SCÈNE III
Une fontaine dans le parc.
Entre Pelléas.
PELLÉAS.
C'est le dernier soir… Le dernier soir… Il faut
que tout finisse… J'ai joué comme un enfant
autour d'une chose que je ne soupçonnais pas…
J'ai joué en rêve autour des pièges de la destinée…

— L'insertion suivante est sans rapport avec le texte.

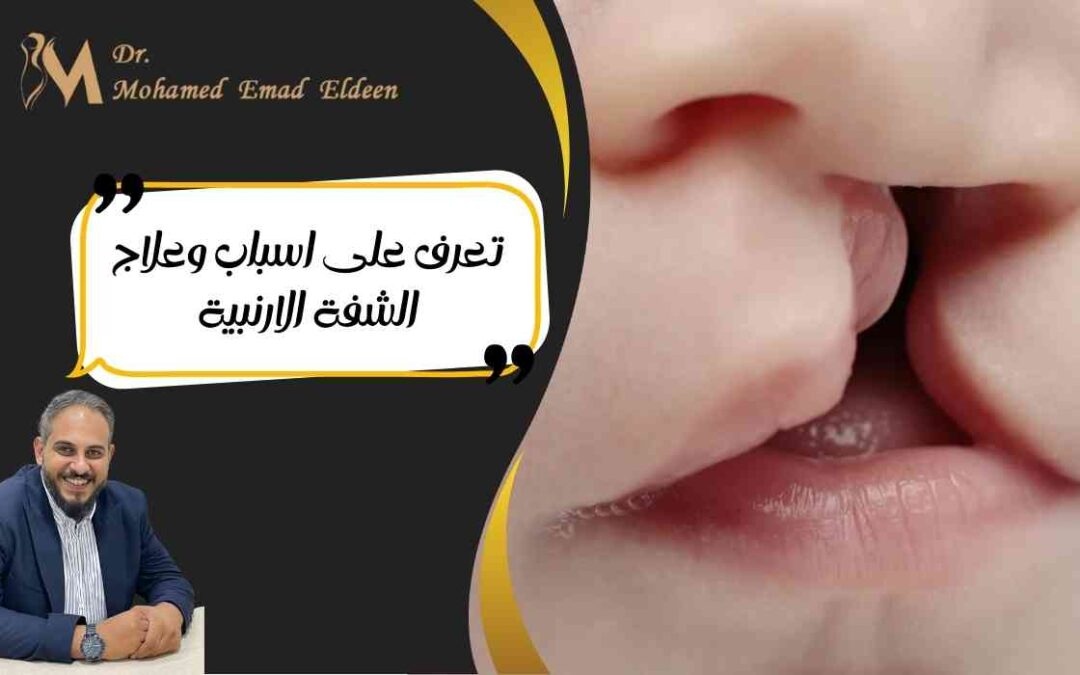 تعرف على اسباب وعلاج الشفة الارنبية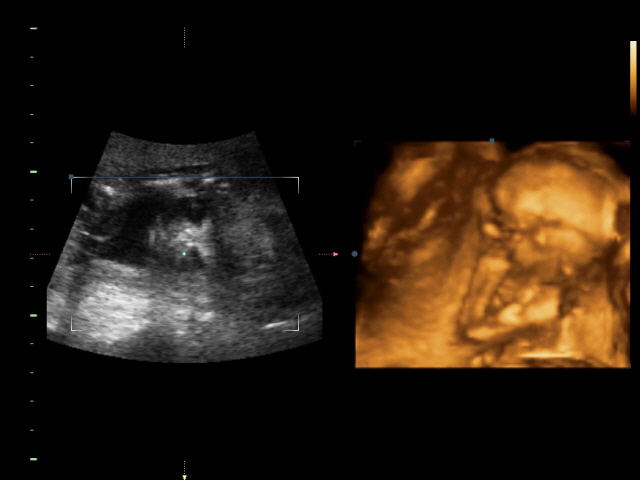 Ура! У нас в домике МАЛЬЧИК!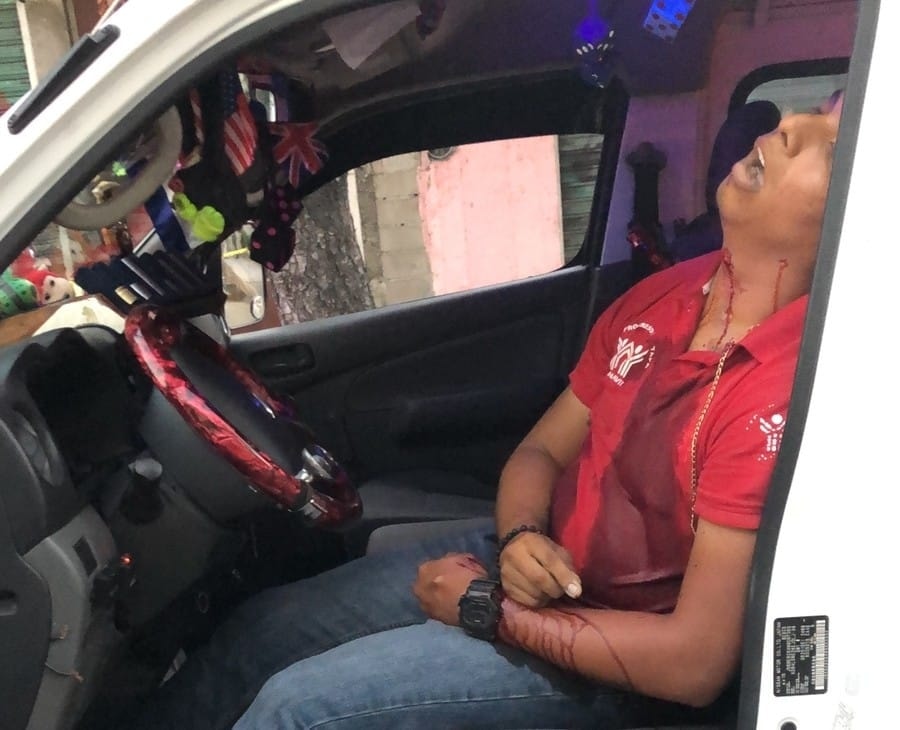 Asesinan a balazos a un chófer de urvan en la avenida Ruiz Cortines en Acapulco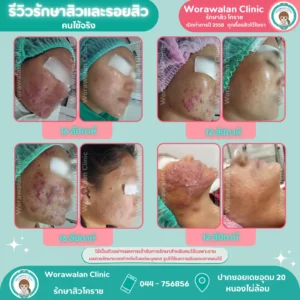 คลินิกรักษาสิวโคราช หมอเจี๊ยบ รักษาเฉพาะสิวเห็นผลจริง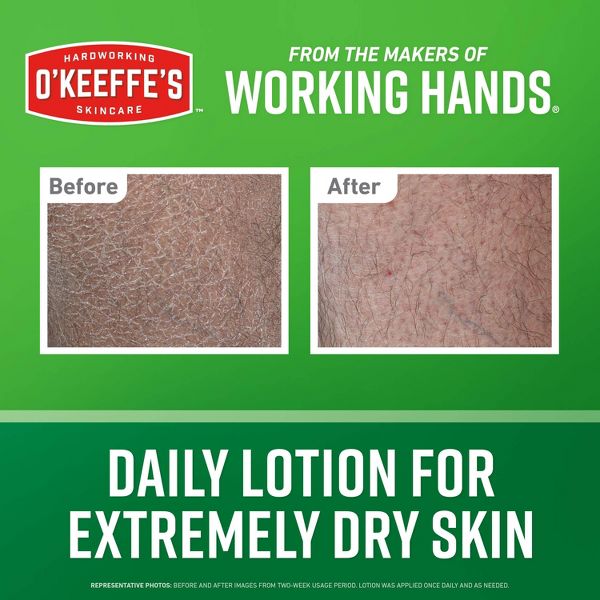 O'Keeffe's Working Hands Hand & Body Lotion - 12oz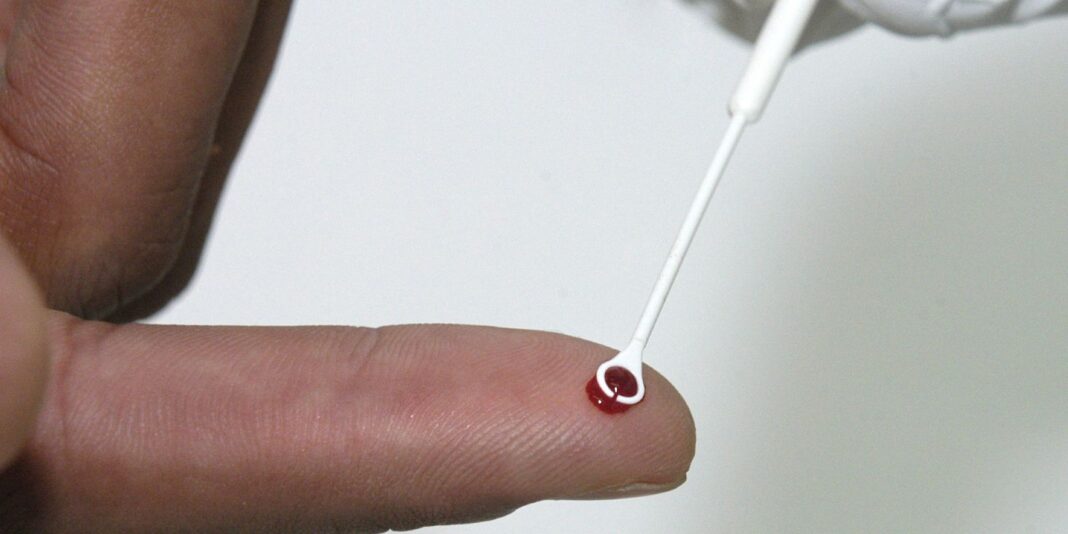 Fiji declara emergência nacional devido à alta taxa de HIV, com um caso a cada 60 pessoas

Qui est-ce qui m'a réveillé tout à coup? Je
vais fuir en criant de joie et de douleur comme
un aveugle qui fuirait l'incendie de sa maison…
Je vais lui dire que je vais fuir… Il est tard; elle
ne vient pas… Je ferais mieux de m'en aller sans
la revoir… Il faut que je la regarde bien cette
fois-ci… Il y a des choses que je ne me rappelle
plus… on dirait, par moment, qu'il y a plus de
cent ans que je ne l'ai vue… Et je n'ai pas encore
regardé son regard… Il ne me reste rien si je m'en
vais ainsi. Et tous ces souvenirs… c'est comme si
j'emportais un peu d'eau dans un sac de mousseline…
Il faut que je la voie une dernière fois,
jusqu'au fond de son cœur… Il faut que je lui
dise tout ce que je n'ai pas dit…
Entre Mélisande.
MÉLISANDE.
Pelléas?
PELLÉAS.
Mélisande!—Est-ce toi, Mélisande?
MÉLISANDE.
Oui.
PELLÉAS.
Viens ici: ne reste pas au bord du clair de
lune.—Viens ici. Nous avons tant de choses à
nous dire… Viens ici dans l'ombre du tilleul.
MÉLISANDE.
Laisse-moi dans la clarté…
PELLÉAS.
On pourrait nous voir des fenêtres de la tour.
Viens ici; ici, nous n'avons rien à craindre.—Prends
garde; on pourrait nous voir…
MÉLISANDE.
Je veux qu'on me voie…
PELLÉAS.
Qu'as-tu donc?—Tu as pu sortir sans qu'on
s'en soit aperçu?
MÉLISANDE.
Oui; votre frère dormait…
PELLÉAS.
Il est tard.—Dans une heure on fermera les
portes. Il faut prendre garde. Pourquoi es-tu
venue si tard?
MÉLISANDE.
Votre frère avait un mauvais rêve. Et puis ma
robe s'est accrochée aux clous de la porte. Voyez,
elle est déchirée. J'ai perdu tout ce temps et j'ai
couru…
PELLÉAS.
Ma pauvre Mélisande!… J'aurais presque peur
de te toucher… Tu es encore hors d'haleine
comme un oiseau pourchassé… C'est pour moi,
pour moi que tu fais tout cela?… J'entends
battre ton cœur comme si c'était le mien… Viens
ici… plus près, plus près de moi.
MÉLISANDE.
Pourquoi riez-vous?
PELLÉAS.
Je ne ris pas;—ou bien je ris de joie, sans le
savoir… Il y aurait plutôt de quoi pleurer…
MÉLISANDE.
Nous sommes venus ici il y a bien longtemps…
Je me rappelle.
PELLÉAS.
Oui… Il y a de longs mois.—Alors, je ne
savais pas… Sais-tu pourquoi je t'ai demandé de
venir ce soir?
MÉLISANDE.
Non.
PELLÉAS.
C'est peut-être la dernière fois que je te vois…
Il faut que je m'en aille pour toujours…
MÉLISANDE.
Pourquoi dis-tu toujours que tu t'en vas?…
PELLÉAS.
Je dois te dire ce que tu sais déjà!—Tu ne
sais pas ce que je vais te dire?
MÉLISANDE.
Mais non, mais non; je ne sais rien…
PELLÉAS.
Tu ne sais pas pourquoi il faut que je m'éloigne…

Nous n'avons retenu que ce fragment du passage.